In a study by Gao et al. in 2010 at the Guangdong Children's Hospital (Guangzhou, China), infants with RDS and a gestational age less than 37 weeks were divided into nCPAP and nSIMV groups after receiving surfactant, with each group consisting of 50 infants. The Comen NV8 ventilator (Shenzhen Comen Medical Instruments Co. Ltd.) was used, employing a pressure trigger for nSIMV. The study revealed that the nSIMV group exhibited significantly lower treatment failure and hypercapnia rates (P < 0.05) (27). Nonetheless, in the current study, the need for MV as calculated did not differ significantly between the SNIPPV and NIPPV groups.
Ding et al. conducted a study across Anhui Medical University Hospital (Hefei, China), Xiangya Hospital of Central South University (Changsha, China), and Jilin University Hospital (Changchun, China) from 2017 to 2018. They grouped preterm neonates with RDS (gestational age < 32 weeks) requiring mechanical ventilation and surfactant therapy shortly after birth into three intervention categories after extubation: The nCPAP, SNIPPV, and a sequential group (alternating between SNIPPV and nCPAP), each consisting of 40 neonates. The Comen NV7 ventilator (Shenzhen Comen Medical Instruments Co. Ltd) was used to conduct this study. No significant differences among the three groups in terms of hospital stay duration or the time required for supplemental oxygen were found in this study (28). The results of Ding et al.’s study were in line with those obtained in the present study.
Considering the primary outcome, this study was unable to demonstrate a statistically significant reduction in the need for invasive mechanical ventilation in the SNIPPV group.
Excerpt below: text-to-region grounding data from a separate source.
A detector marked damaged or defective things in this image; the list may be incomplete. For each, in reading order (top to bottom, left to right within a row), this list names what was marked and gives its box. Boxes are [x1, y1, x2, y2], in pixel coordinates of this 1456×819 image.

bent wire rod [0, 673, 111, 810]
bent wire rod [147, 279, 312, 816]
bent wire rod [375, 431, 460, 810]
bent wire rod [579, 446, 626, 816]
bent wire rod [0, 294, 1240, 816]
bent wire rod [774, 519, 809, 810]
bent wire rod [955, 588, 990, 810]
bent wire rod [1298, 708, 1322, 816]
This contrasts with earlier findings by Kugelman and Gao, which showed a significant reduction in mechanical ventilation requirements in the SNIPPV group. Additionally, unlike Kugelman's study, which demonstrated significantly reduced chronic lung disease in the SNIPPV group, no significant difference in chronic lung disease was observed in this study.
5.1. Conclusions
Considering the variables, the present study was unable to showcase any potential significant differences between the efficiency of NIPPV and SNIPPV in managing RDS. This study could serve as a basis for larger-scale studies, potentially contributing to the development of this evidence-based therapeutic approach.
5.2. Limitations
One limitation of this study is the small sample size. Advances in pressure sensor sensitivity over the past decade offer hope for improved technical precision in future research.
5.3. What Did We Already Know in This Domain?
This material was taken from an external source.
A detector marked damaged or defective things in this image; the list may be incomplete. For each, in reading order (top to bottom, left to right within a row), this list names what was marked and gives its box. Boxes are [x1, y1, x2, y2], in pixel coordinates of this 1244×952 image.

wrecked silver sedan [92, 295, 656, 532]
Synchronization of respiratory machines during non-invasive respiratory support with the patient's spontaneous breathing is a critical factor in improving respiratory efficiency, avoiding invasive support, and minimizing its associated complications.
5.4. What Did This Study Add to This Knowledge?
Pressure sensors can be effectively utilized to synchronize the performance of respiratory support devices with patients’ spontaneous breathing during non-invasive respiratory therapy, undoubtedly enhancing the quality of this therapeutic approach.